Dataset entries:
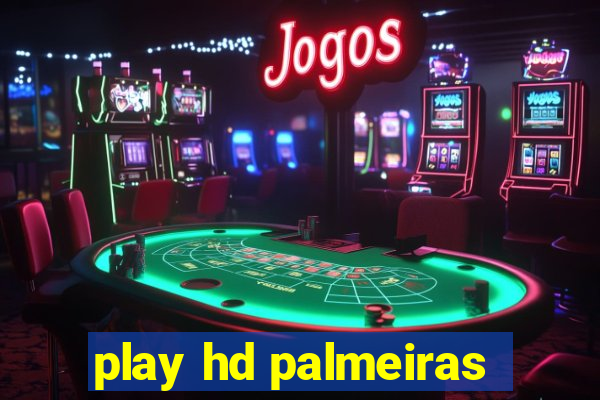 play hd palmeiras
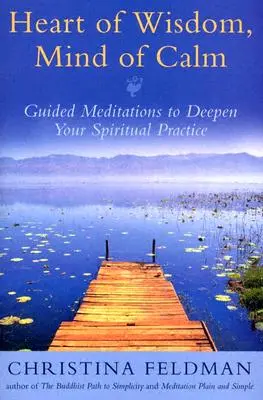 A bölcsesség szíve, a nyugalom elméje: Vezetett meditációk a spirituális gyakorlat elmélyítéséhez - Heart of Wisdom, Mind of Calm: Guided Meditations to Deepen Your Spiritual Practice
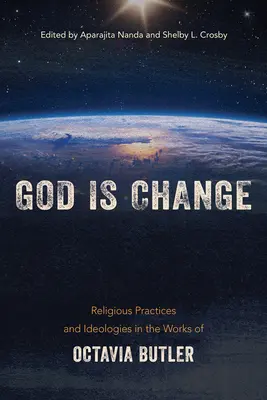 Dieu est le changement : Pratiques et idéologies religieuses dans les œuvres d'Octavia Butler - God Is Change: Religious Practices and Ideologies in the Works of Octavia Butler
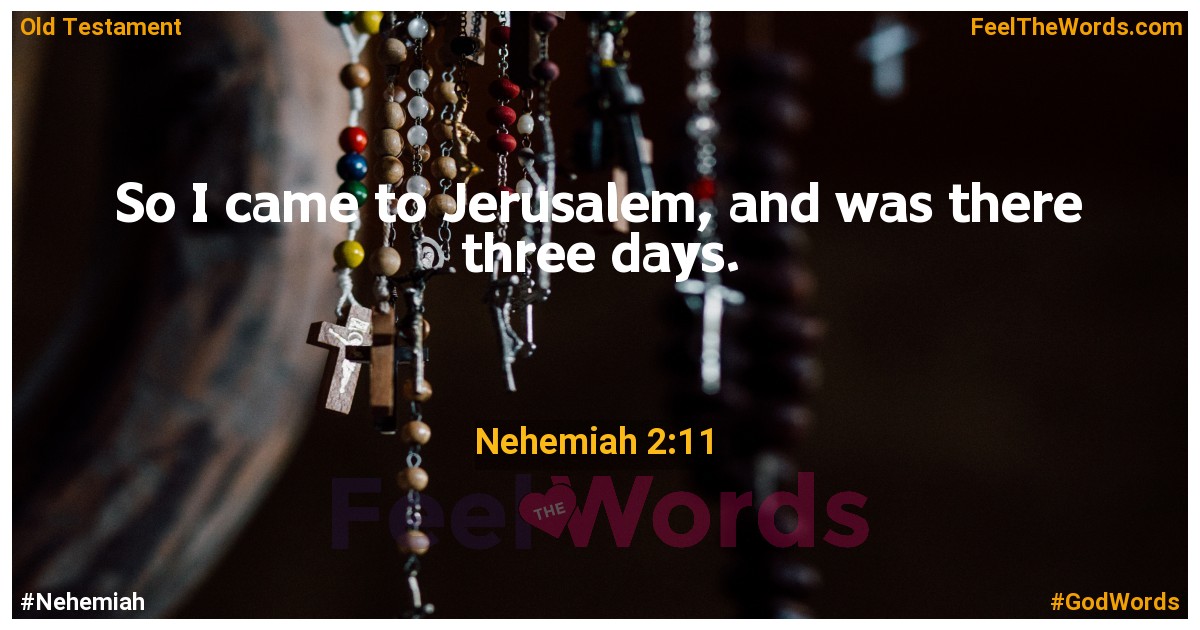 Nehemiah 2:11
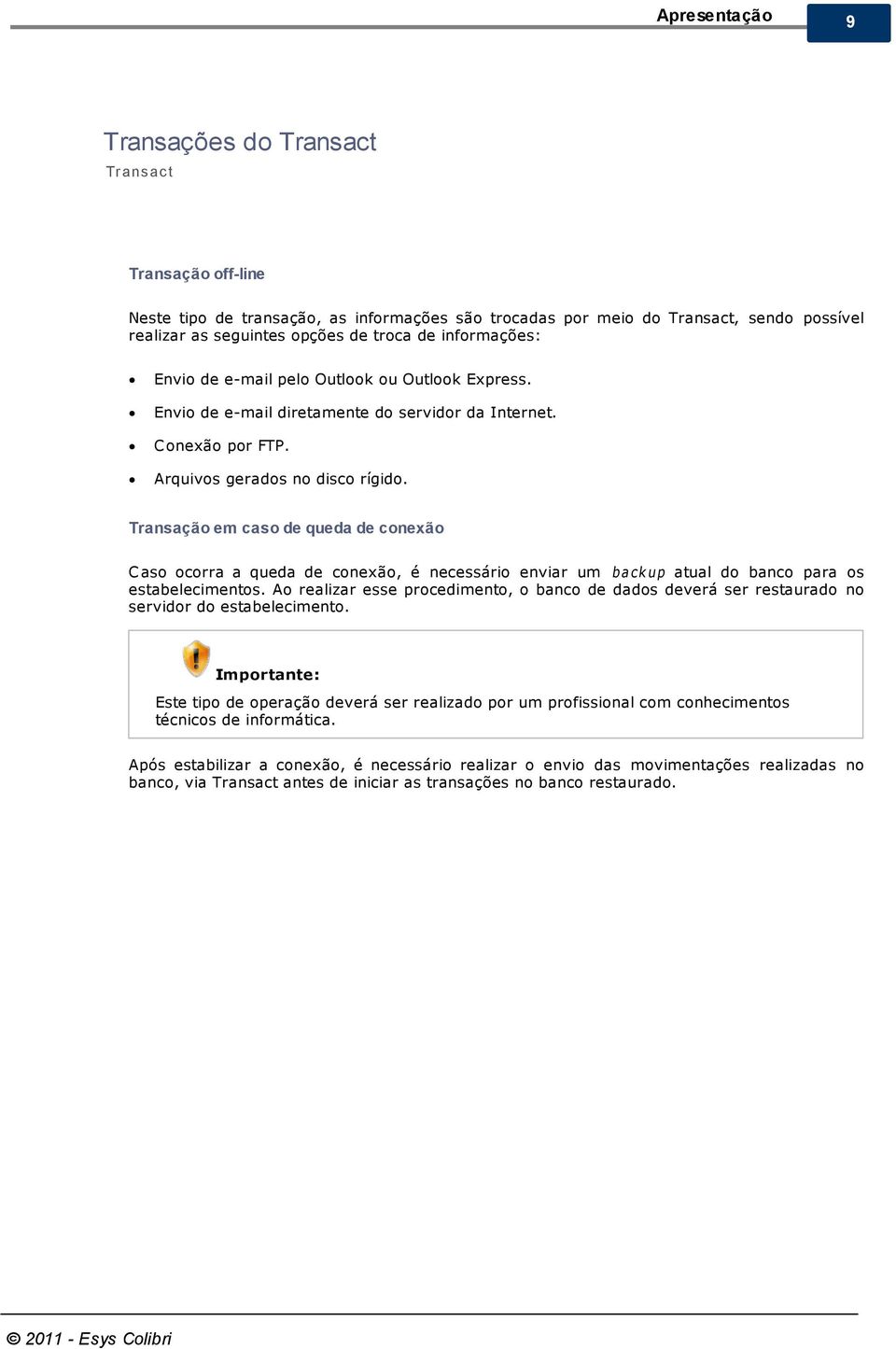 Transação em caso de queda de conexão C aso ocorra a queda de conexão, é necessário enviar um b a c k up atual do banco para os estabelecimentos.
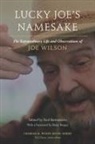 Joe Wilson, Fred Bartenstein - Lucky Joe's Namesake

- _PROBLEM STATEMENT_
Repeat each line of the records above exactly, but do not copy the pictures.

- _WRITTEN ANSWER_
 play hd palmeiras
 A bölcsesség szíve, a nyugalom elméje: Vezetett meditációk a spirituális gyakorlat elmélyítéséhez - Heart of Wisdom, Mind of Calm: Guided Meditations to Deepen Your Spiritual Practice
 Dieu est le changement : Pratiques et idéologies religieuses dans les œuvres d'Octavia Butler - God Is Change: Religious Practices and Ideologies in the Works of Octavia Butler
 Nehemiah 2:11
 Transação em caso de queda de conexão C aso ocorra a queda de conexão, é necessário enviar um b a c k up atual do banco para os estabelecimentos.
 Joe Wilson, Fred Bartenstein - Lucky Joe's Namesake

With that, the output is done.